After the Mormon exodus to Utah, anti-Mormonism took on much more ideological and partisan dimensions. It was no longer simply about conflicts between Mormons and their non-Mormon neighbors, or the suspicion that Mormon leaders were perpetrating a fraud. Anti-Mormonism became a foundational crusade for the fledgling Republican Party, which associated polygamy with slavery. Republican Party anti-Mormonism united Whig and nativist demands that religious minorities be “Americanized” with feminist and liberal concerns about the captivity to which Mormon women were supposedly subjected. Just as importantly, the Mormons during this period occupied a vast and otherwise largely unoccupied territory in the west, which brought them into direct conflict with the federal state. From the 1850s to the 1880s, the increasingly autonomous Mormon polity in the west posed a threat to a succession of American state-building projects.

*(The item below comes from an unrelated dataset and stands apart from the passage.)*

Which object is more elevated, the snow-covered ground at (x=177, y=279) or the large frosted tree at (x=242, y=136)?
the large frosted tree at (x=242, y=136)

This chapter examines the federal response to Mormonism between 1847 and 1896, with a particular focus on the Edmunds Act of 1882, which I analyze through both congressional debates and voting patterns. There are several reasons for focusing on Edmunds in particular, the most important of which is that it is a rare example of a democratic government voting explicitly to deprive one section of the population of its political rights. The extensive debates around the act allow us to reconstruct the rationale for state repression, while the voting record gives us an idea of the incentives of individual legislators to support or oppose repression. The Edmunds Act also poses an important puzzle: Why did so many Democrats support the Republican anti-Mormon agenda, even when it would hurt Democrats electorally?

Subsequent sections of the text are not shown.